Instead of showcasing more children’s book illustration postcards today, as planned, I’ve decided to share a few Virginia Woolf postcards. Why? Because today is Virginia Woolf’s birthday, of course. Now, I know we just celebrated A.A. Milne and Winnie-the-Pooh last week, but rest assured, Pics and Posts will not become the blog that celebrates all the birthdays of all the famous people.
I’ve had some Woolf postcards that have been in the “to be blogged” box for quite some time–so what better time to bring them out than her birthday?
Virginia Woolf. Photograph by George C. Beresford/Hulton Archive/Getty Images
This postcard comes from a collection I’m not to crazy about because there are too few women and two few people of color. But I do love this “classic” portrait of Woolf.
Virginia Woolf, Jacob’s Room, 1922. From BIBLIOPHILIA: 100 Literary Postcards, Obvious State Studio, 2015.

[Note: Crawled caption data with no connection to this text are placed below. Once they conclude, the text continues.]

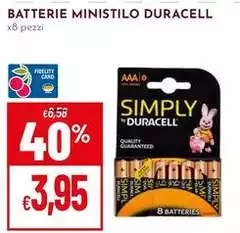 Duracell - Batterie Ministilo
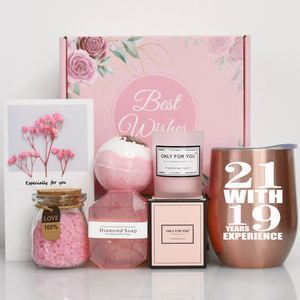 Spa Bath <b>Gift</b> <b>Set</b> for Mother's Day Get Well Soon <b>Gift</b> <b>Set</b> Lavender Handmade Birthday <b>Gifts</b> for <b>Women</b> Moms Sisters Daughters - Product Image 1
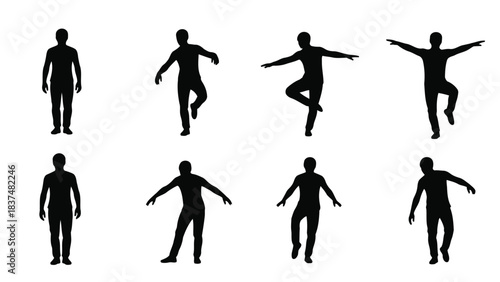 Hop Dance Step Icon Vector Illustration | Simple Dance Footwork Symbol | Step-by-Step Hop Movement Graphic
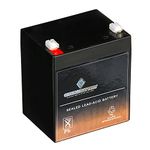 Chrome Battery 12V 4.5AH SLA Rechargeable Replacement Battery Compatible with Electric Scooter, Security Alarm, Emergency Lighting, and More: 3.54 x 2.76 x 3.98, T1 Terminal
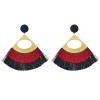 E-4496 5 Colors Fashion Gold Plated thread fan shape Drop Dangle Earrings Jewelry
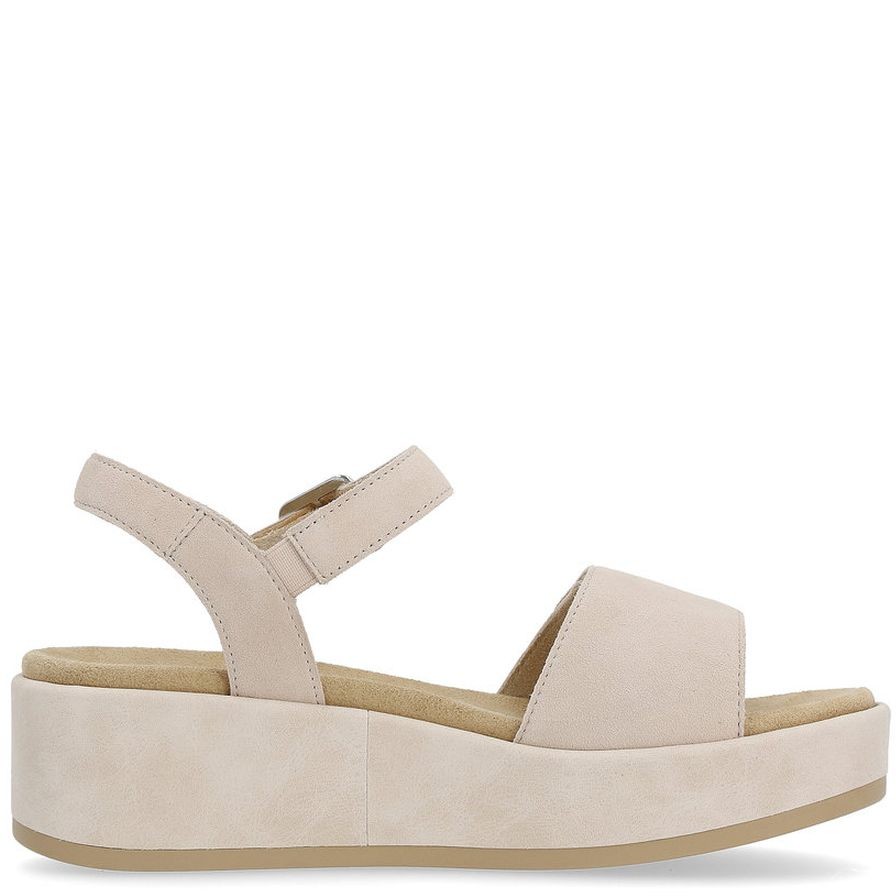 REMONTE Basutės moterims, Smėlio, SANDALS 7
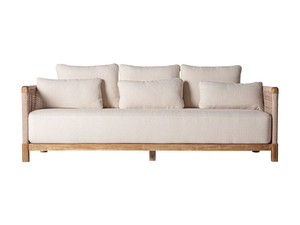 TRENA - 3-seater fabric and wooden sofa - Sofa by Vical Home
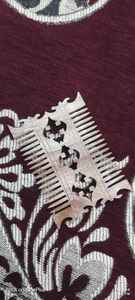 Peine de Cuerno de Buey Natural, Anti-Rotura, Dientes Lisos, Auténtico Peine de Cuerno de Búfalo Hecho a Mano, Estilo Moderno, Grabado Personalizado - Product Image 6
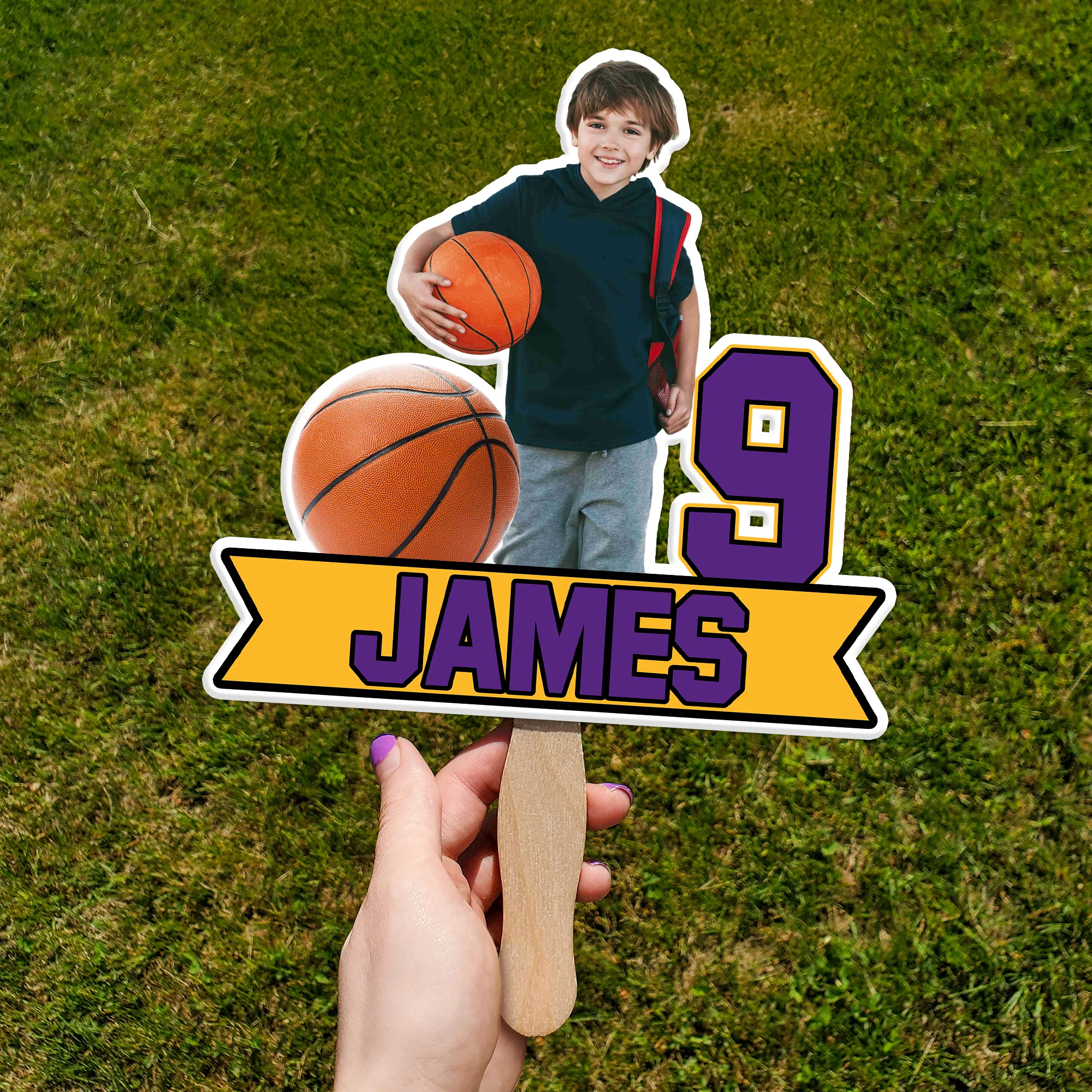 Custom Photo Sport King Perfect Gift Idea Face Fan LM32 893449 - Image 4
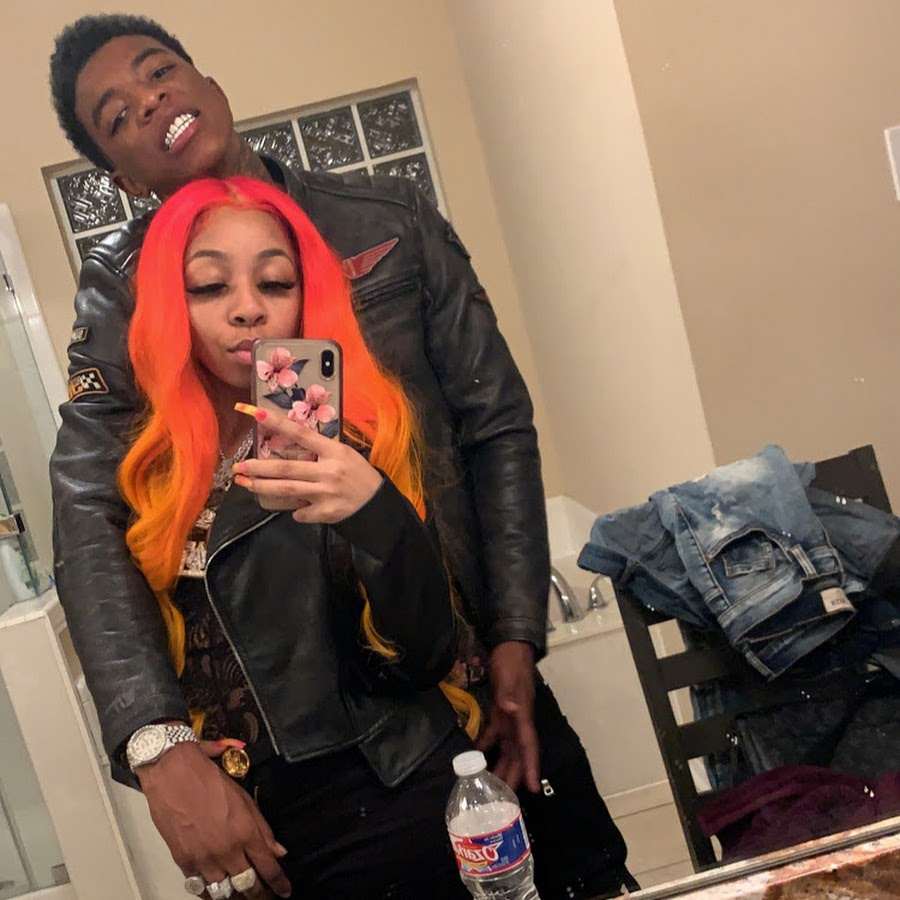 Image of renowned American rapper, Yungeen Ace and his girlfriend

The “wild horse” postcard comes from Bibliophilia: 100 Literary Postcards. The collection offers postcards featuring quotes from favorite authors. Most are dead white men, but the quotes and artwork make the omission forgivable. Somewhat.
Virginia Woolf. Art by Adolfo Falces Delgado. Collection, Literary Celebrities, 2016.
The postcard above is by far the best Virginia Woolf postcard I’ve seen (yet). My friend Cy picked it up for me at a museum in Madrid during her travels last summer. It has a literary twin that I will share another time.
I didn’t encounter Virginia Woolf till I was working on my master’s degree at the University of Florida (Go Gators!). I studied her works in both Modern British Literature and Feminist Theories, facilitated by the inimitable Drs. R. Brandon Kershner and Elizabeth Langland, respectively. I appreciated her works–for many “critical” reasons–especially because Woolf and her texts gave me, a person who studies mental illness in literature, a lot to think about and discuss.
Here are a few of my favorite Woolf quotes– if I can stop at a few!
All extremes of feeling are allied with madness.
On bookish people:
When the Day of Judgment dawns and people, great and small, come marching in to receive their heavenly rewards, the Almighty will gaze upon the mere bookworms and say to Peter, “Look, these need no reward. We have nothing to give them. They have loved reading.”
On women and creativity:
A woman must have money and a room of her own if she is to write fiction.
I would venture to guess that Anon, who wrote so many poems without signing them, was often a woman.
If you prefer something a bit more “lowbrow” from Woolf, check out her “most savage insults” at the Literary Hub.
Brain Pickings offers a worthwhile read on media’s misinterpretation of Woolf’s suicide letter. [There are links to other Brain Pickings articles on Woolf, so you might want to check those out too].
And of course, Woolf wrote lots of letters and postcards too! 😉
I’m tempted to dig through my papers and find my essays on Woolf. I recall taking issue with a section of A Room of One’s Own, but I still appreciate who she was as a writer and thinker.